Naval Jelly is a solution of phosphoric acid. Generally a mild acid, it does have one quirk: it attacks glass as will nothing else. If naval jelly was used, you're screwed.
Some bargain.
Another word for 'contract' is 'agreement.' It is, by definition, impossible to have an agreement with someone who does not understand your language. Think about this the next time you conduct any business with a person you cannot understand. As the OP found out, this can lead to expensive errors.
Likewise, there are reasons for our laws. Such a situation is why there are licensing and bonding requirements. When you circumvent the law, you deny yourself these protections.

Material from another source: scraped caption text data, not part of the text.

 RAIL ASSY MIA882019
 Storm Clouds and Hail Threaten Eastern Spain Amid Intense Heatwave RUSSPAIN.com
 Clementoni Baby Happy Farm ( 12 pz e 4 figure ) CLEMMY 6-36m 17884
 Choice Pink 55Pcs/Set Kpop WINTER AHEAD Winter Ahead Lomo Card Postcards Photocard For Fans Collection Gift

"Naval Jelly is a solution of phosphoric acid. Generally a mild acid, it does have one quirk: it attacks glass as will nothing else."You were doing fine up to this point, but phosphoric acid does not attack glass. In fact it is sold for laboratory use in glass bottles.Hydrofluoric acid is the only one that etches glass.BruceT
I beg to differ. Indeed, the lab solutions come in noticeably different types of bottles than the other acids. But ... academics aside ... a simple scrape with a razor blade across the glass will reveal whether the glass is dirty ... or etched. If it's etched, the OP is SOL.
No argument there.
BruceT
It looks like strong phosphoric acid will etch certain types of glass and not others -- it will etch soda glass. I bet that glass windows are not made from labaratory grade glass.

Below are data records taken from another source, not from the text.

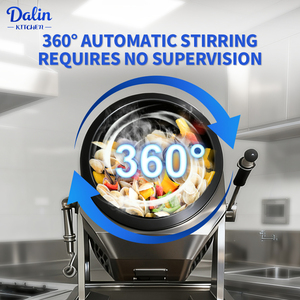 Machine de cuisson automatisée, équipement de préparation de plats sautés, cuiseur à riz <span class=keywords><strong>pour</strong></span> restaurant, <span class=keywords><strong>robot</strong></span> de <span class=keywords><strong>cuisine</strong></span> avec évier et armoire - Product Image 5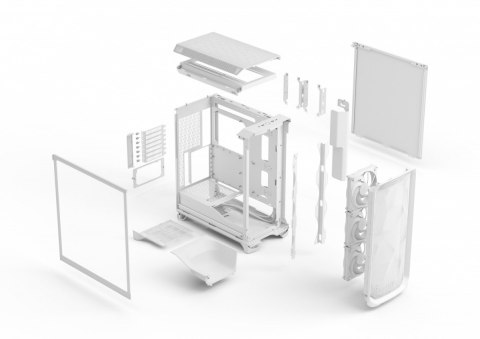 Fractal Design Obudowa Meshify 3 White TG Clear Tint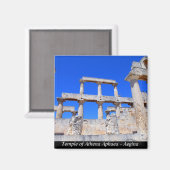 Temple of Athena Aphaea - Aegina Magneet (Voorkant / Achterkant)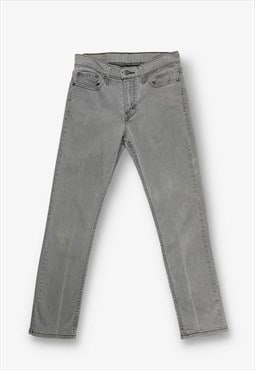 Levi's 511 slim leg jeans charcoal w29 l30 BV20589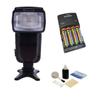 Canon EOS D60 Bounce, Zoom & Swivel Head Flash + High Powered AC Rapid Charger With 4AA 2900 Mah Batteries + Nwv Direct 5 Piece Cleaning Kit view 1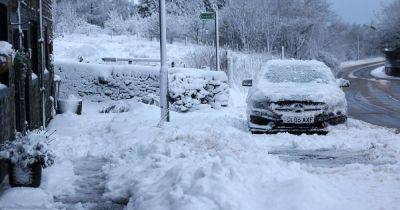 We visited the Greater Manchester village where people are 'always dreading' when it snows
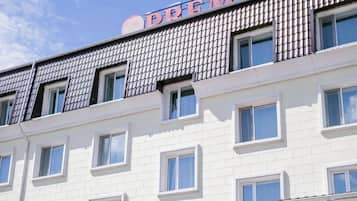 Fachada de la propiedad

http://www.udel.edu/chem/GlassShop/PhysicalProperties.htm
It looks like it has a pH from 1.5 to 2.5, which is pretty acidic. I don't know how easily it will etch glass, though.
Billy
I had a similar problem caused by a wood siding brightener that contained phosphoric acid. I went to a glass shop and got a glass polish that took the stains right off. Works great on the soap/ mineral stains on the shower glass too.